Même s’il avait été élevé dans la religion presbytérienne, Turnbull assistait aux offices anglicans avec sa famille ; il ne se considérait toutefois pas comme « membre de cette Église ou d’une autre », car « son esprit [était] indécis quant à ce qui [était] vraiment la doctrine de foi et de pratique orthodoxe ». Le jour de ses obsèques, les épiciers grossistes des quais North et South Market, ainsi que ceux de la rue Ward, fermèrent leur commerce pour assister au service anglican célébré à l’église St John (Stone) pour ce « fils de ses œuvres ».

William Wallace Turnbull laissa dans le deuil sa femme et ses cinq enfants, dont Wallace Rupert Turnbull*, qui, à partir de son laboratoire de Rothesay, au Nouveau-Brunswick, serait à l’avant-garde de la recherche en aéronautique au Canada. Au moment de son décès, Turnbull était probablement l’homme d’affaires le plus riche de Saint-Jean, avec une fortune évaluée à 750 000 $. En plus de son legs à l’établissement pour les incurables et d’un don de 10 000 $ à l’église St John, il laissa des montants substantiels à ses enfants.
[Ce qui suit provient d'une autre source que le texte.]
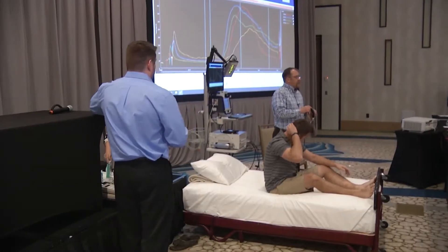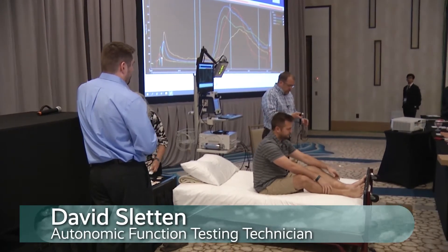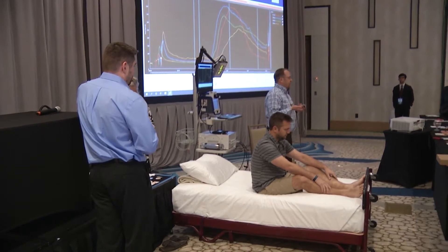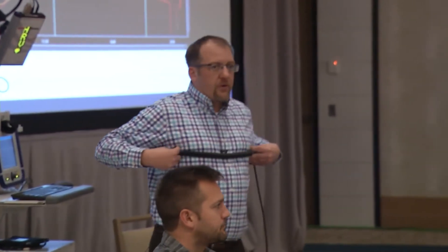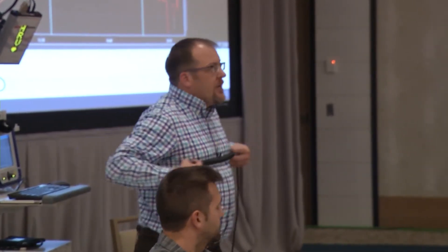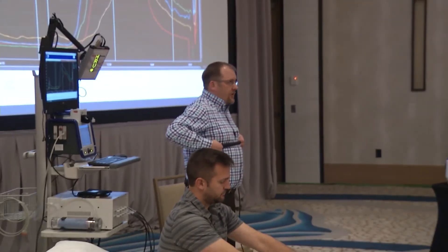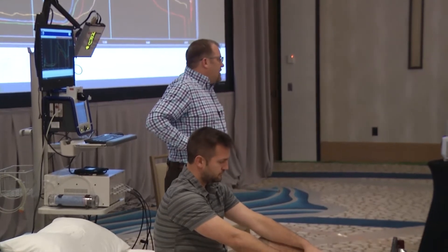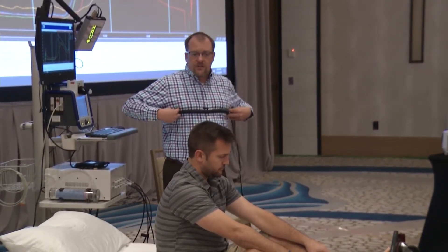The first thing we're going to do is set up for the cardiovagal and adrenergic components. We're going to put a chest bellows on. It's important that we're looking at those lung receptors, so we really want to make sure that we're going over the chest. With males we say to go over the breasts; with females we go just underneath the breast line. We don't want to see them over the stomach — we're really trying to look at those stretch receptors in the lungs.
Il donna des instructions pour que l’argent destiné à ses filles soit « au seul usage de chacune d’elles et non soumis à l’administration de leur mari ».

Elizabeth W. McGahan

APNB, RG 7, RS71, 1899, W. W. Turnbull.— Musée du N.-B., Turnbull family, CB Doc.— Daily Telegraph (Saint-Jean, N.-B.), 1er, 27 juin 1899.— St. John Daily Sun, 27, 29 juin 1899.— Saint John Globe, 3 mai, 27, 29 juin 1899.— Cyclopædia of Canadian biog. (Rose et Charlesworth), 2.— E. W. McGahan, « The port in the city : Saint John, N.B. (1867–1911) and the process of integration » (thèse de ph.d., Univ. of N.B., Fredericton, 1979), 122, 763, 765.— Harold McCullagh, A century of caring : the story of the New Brunswick Protestant Orphans’ Home (St Stephen[-Milltown], N.-B., 1986), 147.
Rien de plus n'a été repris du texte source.